How to complete this task
Restate every entry verbatim; drop the pictures.

Data listing
BEGIN

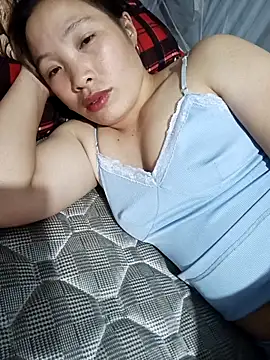 Evelyn-n online show from 02/16/26, 01:43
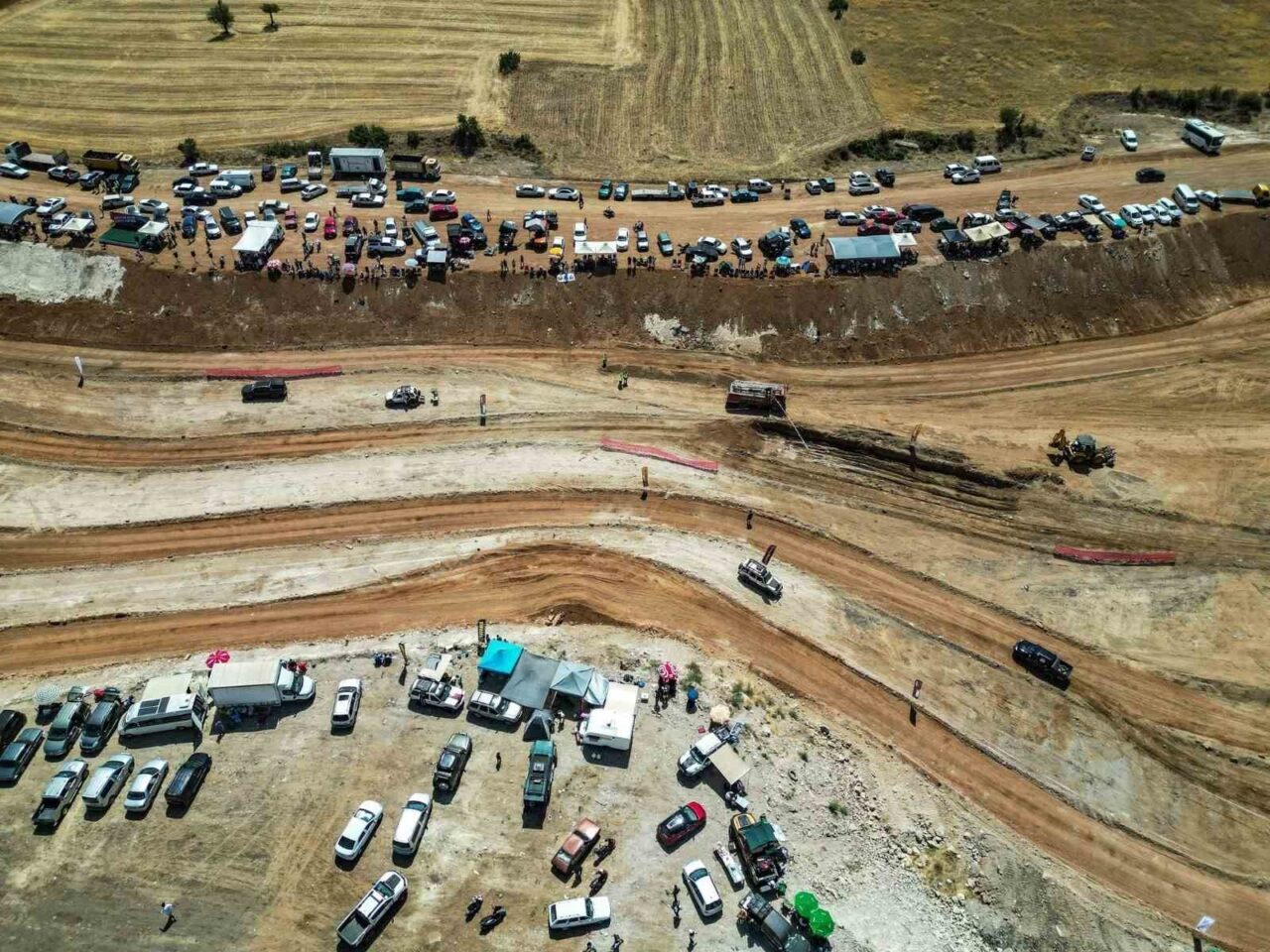 road yarışları, adrenalin dolu anlara sahne oldu. Yarışlar bölgedeki farklı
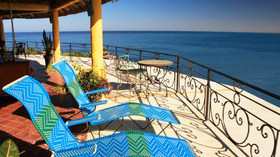 Villa Amor, Villa Paraiso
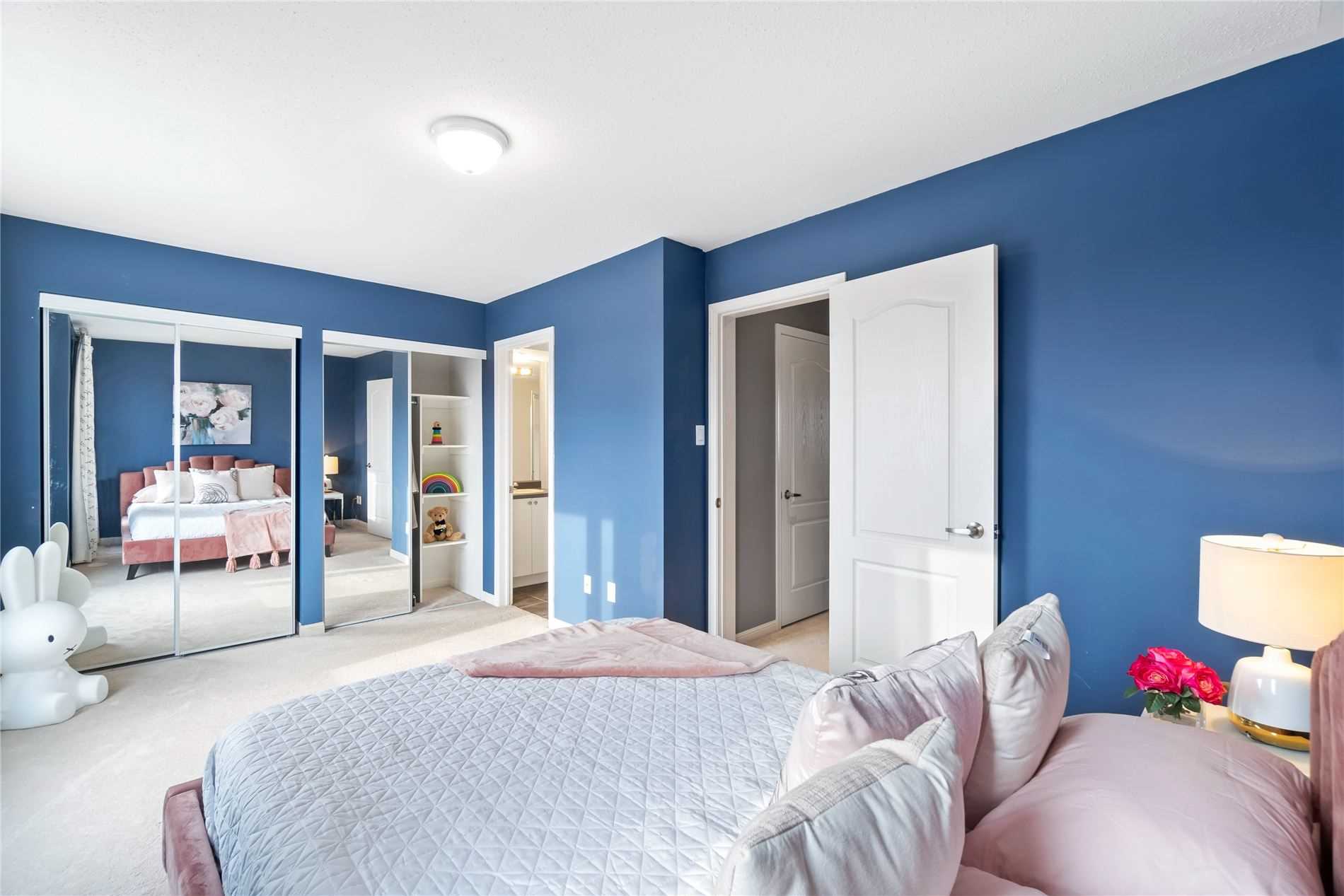 271 John West Way, #7
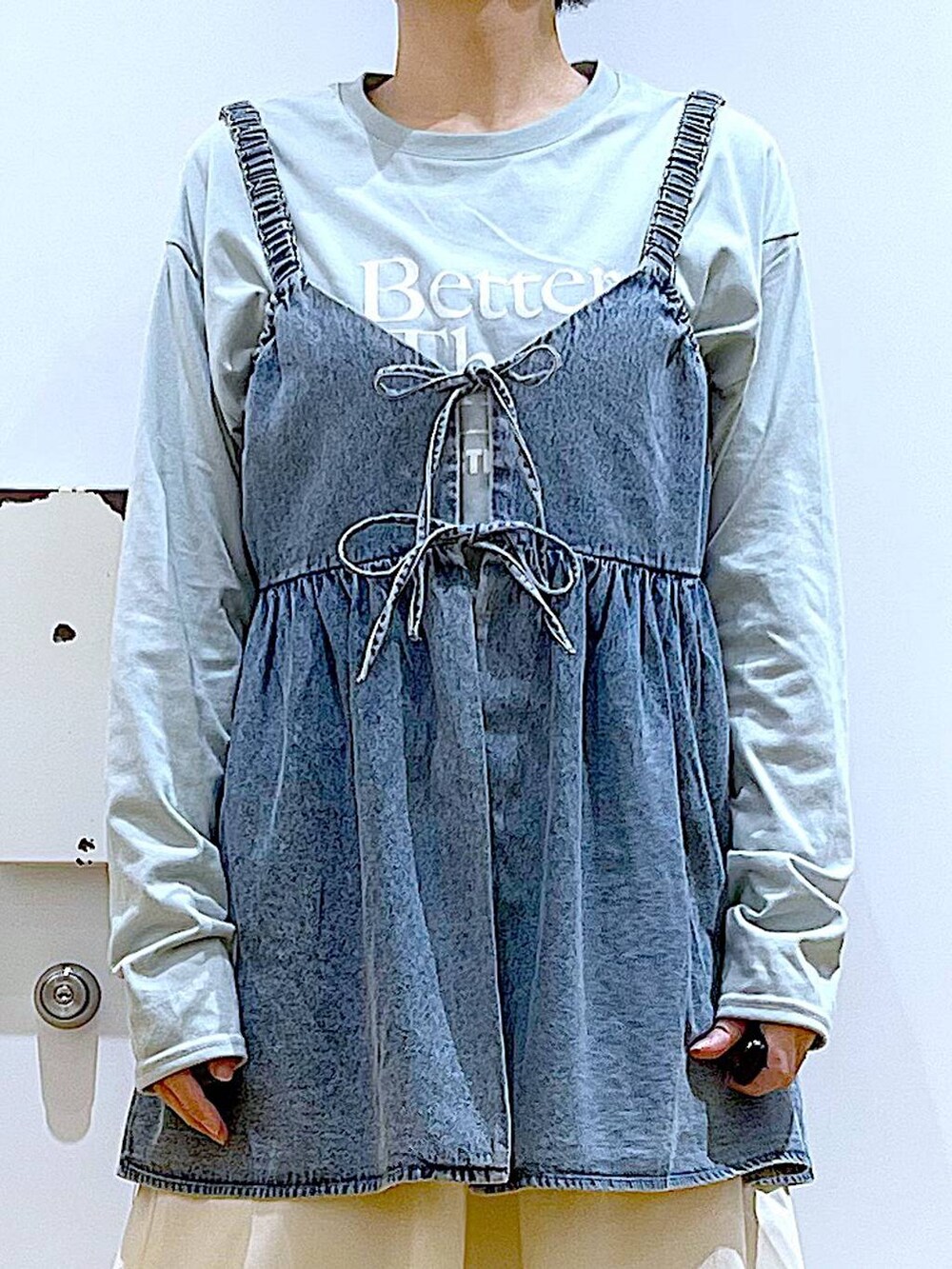 グレー系のショルダーバッグ、ブラック系のスニーカー、ブルー系のその他トップスを着用したレディースの春コーディネートの7枚目の写真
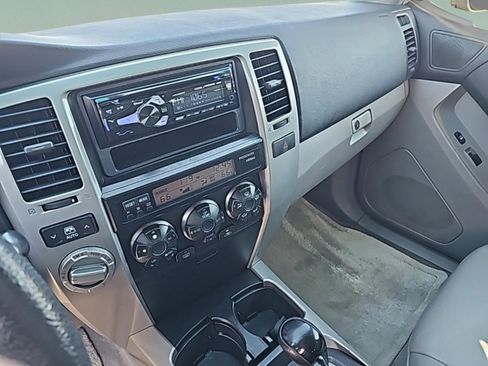 Used 2006 Toyota 4Runner SR5 image 13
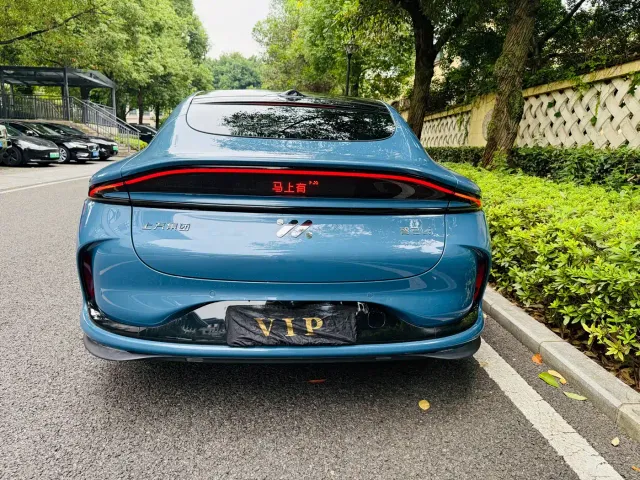 IM Motors L6 — Фото автомобиля 6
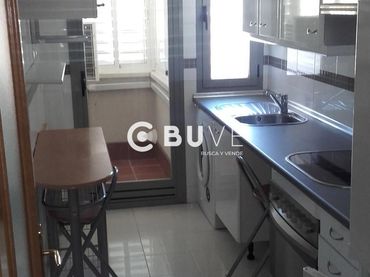 Appartamento con balcone in vendita a FUENTE CISNEROS 19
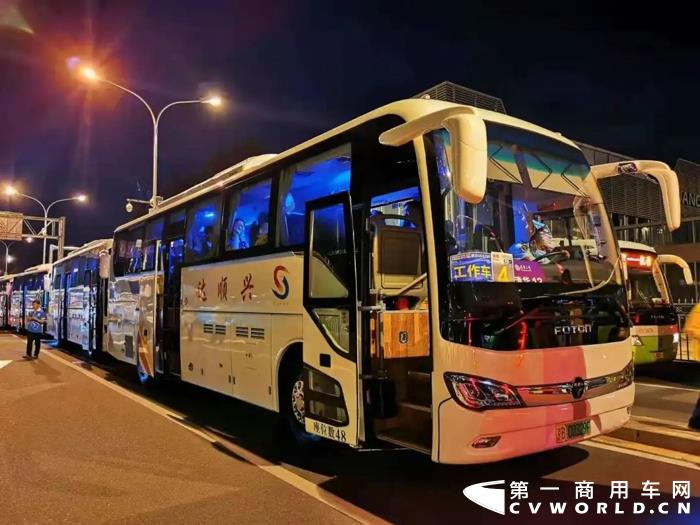 作為中國綠色出行創(chuàng)領者，歐輝客車超千臺新能源客車承擔了百年慶典接駁保障服務工作，以“國典標準”再次高品質(zhì)完成祖國交付的任務。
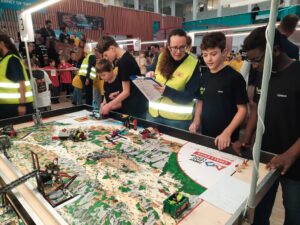 Aan De Tafel Van Lego2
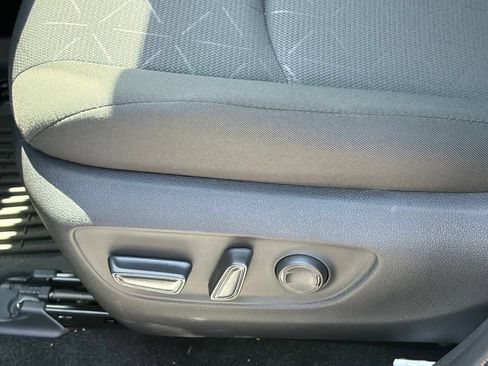Used 2025 Toyota RAV4 XLE AWD/4WD image 6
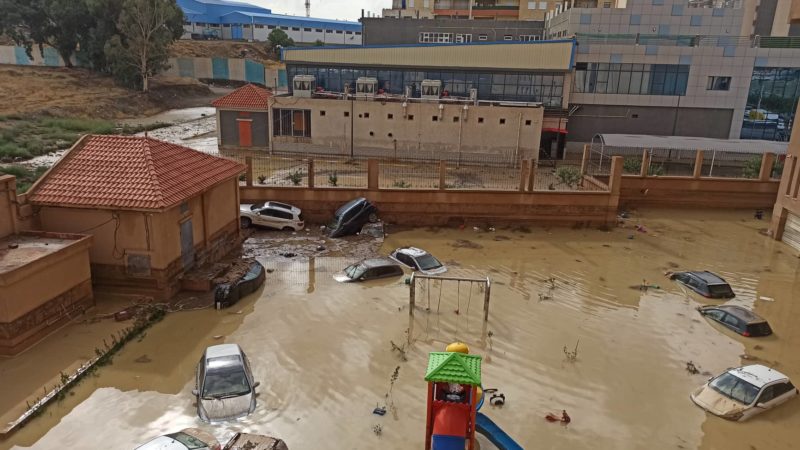 فيضانات: وفاة شخص في مجانة وإنقاذ 30 بإستعمال زورق في برج بوعريريج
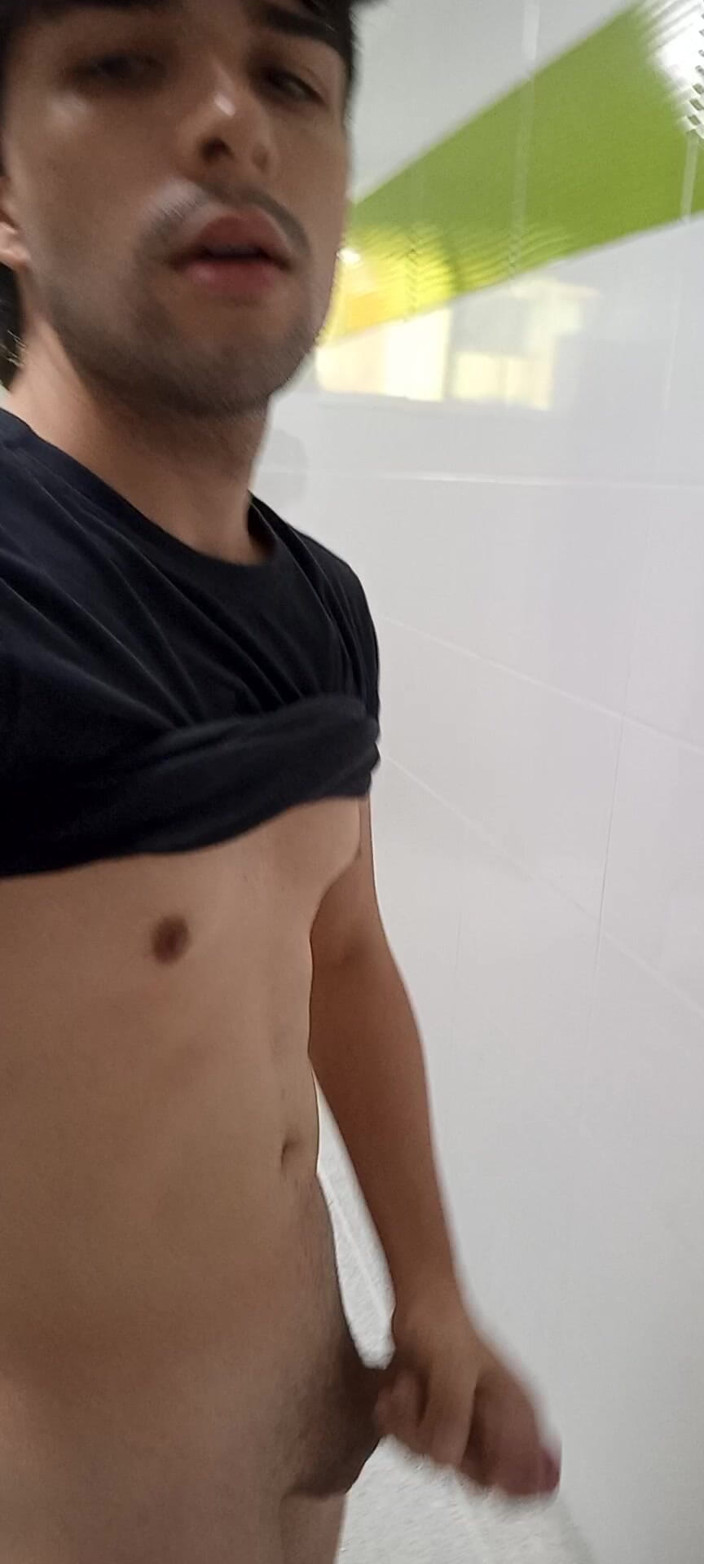 Diego_latinboy: Fetisch badezimmer goldene regendusche sperma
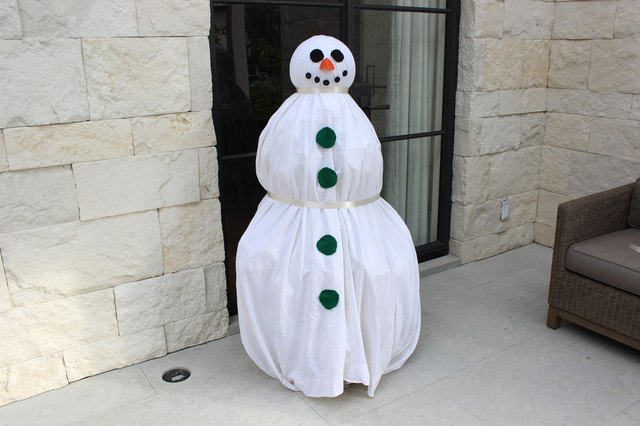 How to Make a Beautiful Light-Up Melting Snowman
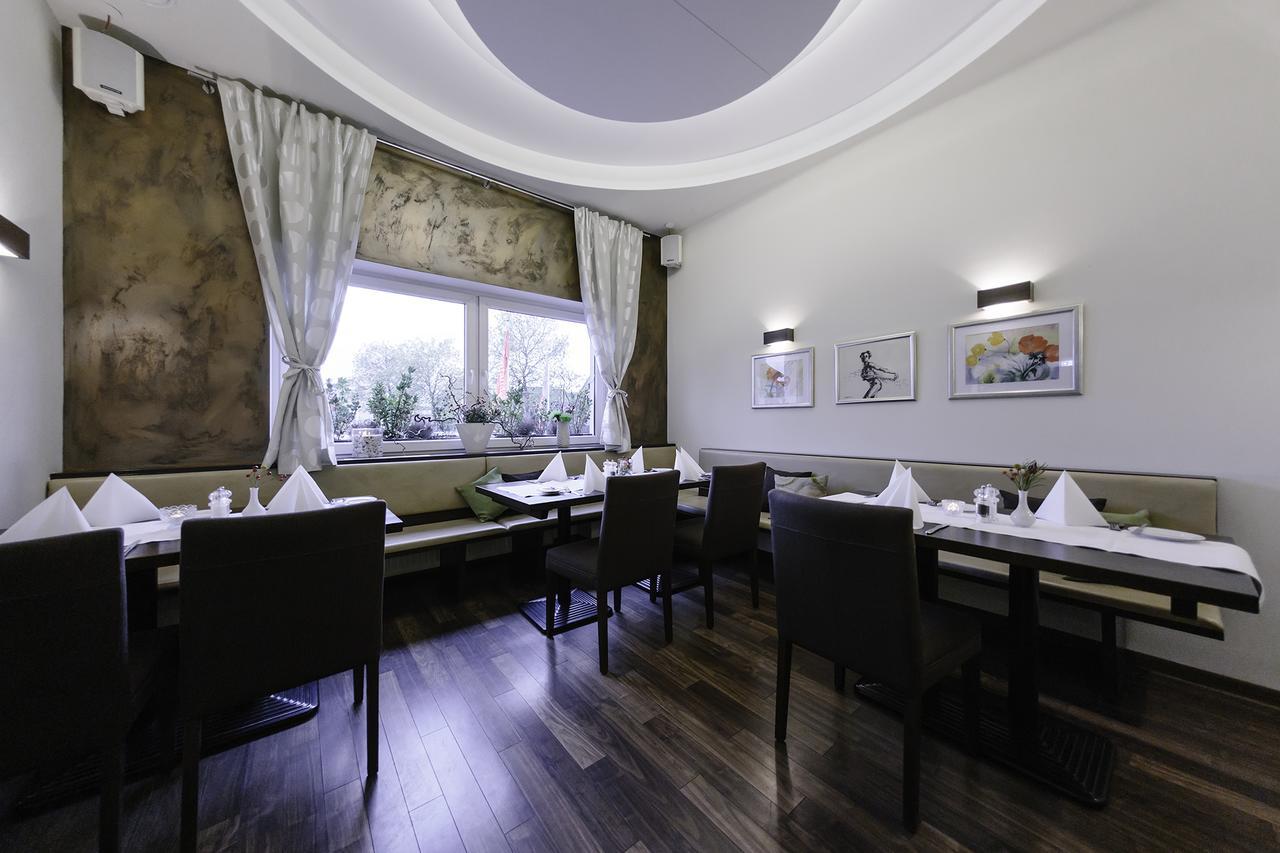 Haus Fabry Hotel Hilden Ngoại thất bức ảnh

END

Worked solution
 Evelyn-n online show from 02/16/26, 01:43
 road yarışları, adrenalin dolu anlara sahne oldu. Yarışlar bölgedeki farklı
 Villa Amor, Villa Paraiso
 271 John West Way, #7
 グレー系のショルダーバッグ、ブラック系のスニーカー、ブルー系のその他トップスを着用したレディースの春コーディネートの7枚目の写真
 Used 2006 Toyota 4Runner SR5 image 13
 IM Motors L6 — Фото автомобиля 6
 Appartamento con balcone in vendita a FUENTE CISNEROS 19
 作為中國綠色出行創(chuàng)領者，歐輝客車超千臺新能源客車承擔了百年慶典接駁保障服務工作，以“國典標準”再次高品質(zhì)完成祖國交付的任務。
 Aan De Tafel Van Lego2
Used 2025 Toyota RAV4 XLE AWD/4WD image 6
 فيضانات: وفاة شخص في مجانة وإنقاذ 30 بإستعمال زورق في برج بوعريريج
 Diego_latinboy: Fetisch badezimmer goldene regendusche sperma
 How to Make a Beautiful Light-Up Melting Snowman
 Haus Fabry Hotel Hilden Ngoại thất bức ảnh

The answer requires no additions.